We treasure our Lou Paradise for his amazing hybrids, his work on our show schedule, his wisdom at judging workshops, his’s wife’s computation of our shows’ results, and his fabulous dahlias in the Dell. On the national level, Lou compiles, verifies, and organizes the ADS Classification Book EVERY YEAR for a long time. For his amazing services to the American Dahlia Society, our Lou was awarded ADS’s Gold Medal at our One Hundredth Anniversary in New York this past September. No one deserved it more.
MANI TRANSPORTED
John and Donna Mani moved to Thousand Oaks last year. You can take the Man out of his dahlia bed, but you can’t keep the Mani from his favorite flower. John writes:
I want to relate some interesting facts about my dahlia experience here in Thousand Oaks, Ca. When I arrived here in Sept. 2015 I immediately went to the garden warden, a resident who was in charge of the planting area. Our garden area is 200 feet long and 40 feet wide with long rows of raised planters 3 feet high, each measuring 4 feet wide and 8 feet long. Each with a water spigot. There are a total of 44 of these raised plots, with 500 residents, there is a waiting list. I begged and begged and finally received one plot. Not nearly enough so I begged for space along side a border fence and was allowed to build a 10 foot long, 22 inch wide and 2 feet deep raised planter of treated redwood plus room for ten 15 gallon plastic round containers. Enough room for me to plant about 50 tubers, planting sometimes 2 tubers to a pot with stakes plus labels.
The original raised wooden 4 x 8 foot bed was made of RR ties.

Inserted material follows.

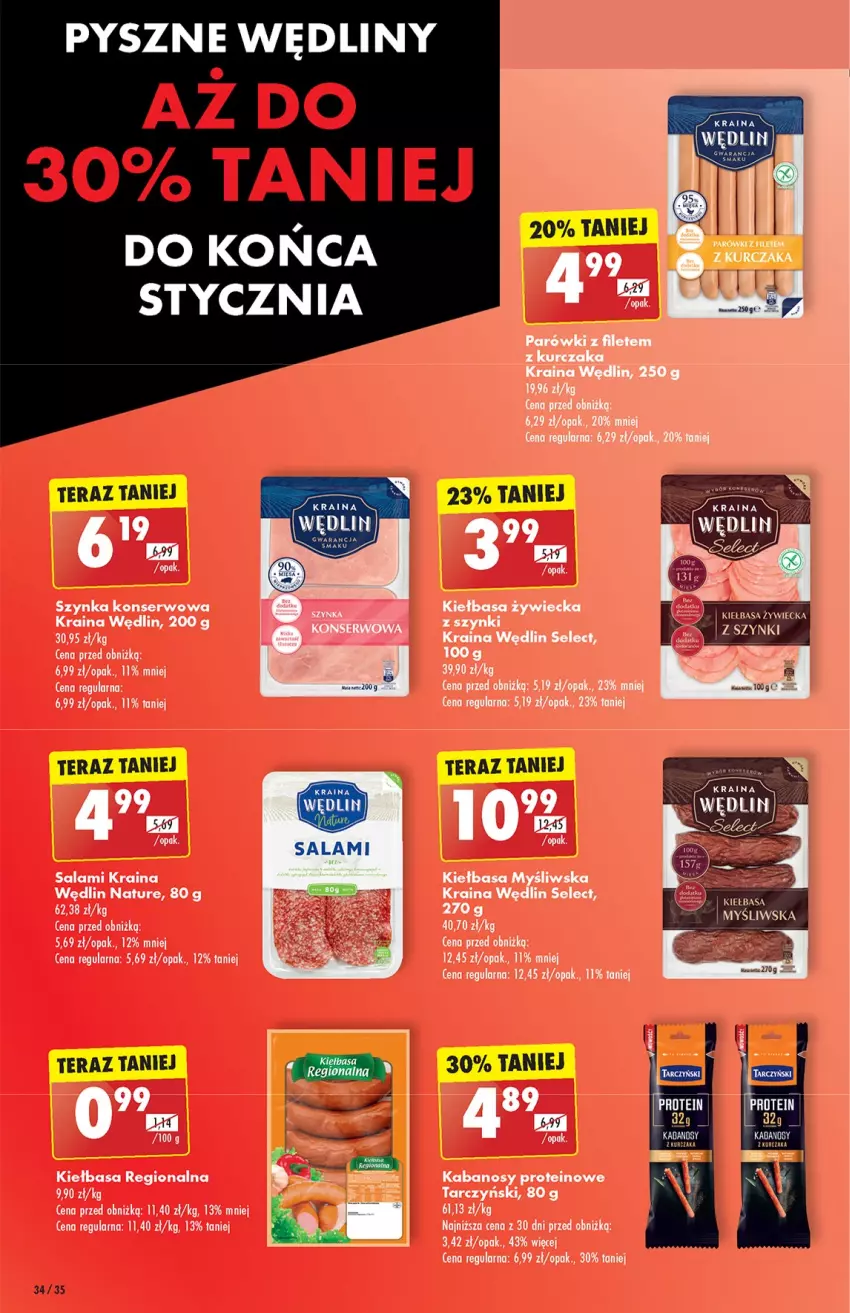 Gazetka promocyjna Biedronka - Od Wtorku - ważna 07.01 do 11.01.2025 - strona 34 - produkty: Kabanos, Kiełbasa, Parówki, Salami, Ser, Szynka, Szynka konserwowa, Tarczyński, Tera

Big, thick, and sturdy. I dug out the old dirt, it was clay, with rocks and junk. I bought a small wheelbarrow & shovel and starting digging. I wheelbarrowed the dirt outside the planting area and disposed of it into a large riparian ditch nearby. This effort took me one week. I then went to the internet and found a soil contractor nearby and went to look at his soils. He had mixed up various “batches” of soil containing amendments and composted material.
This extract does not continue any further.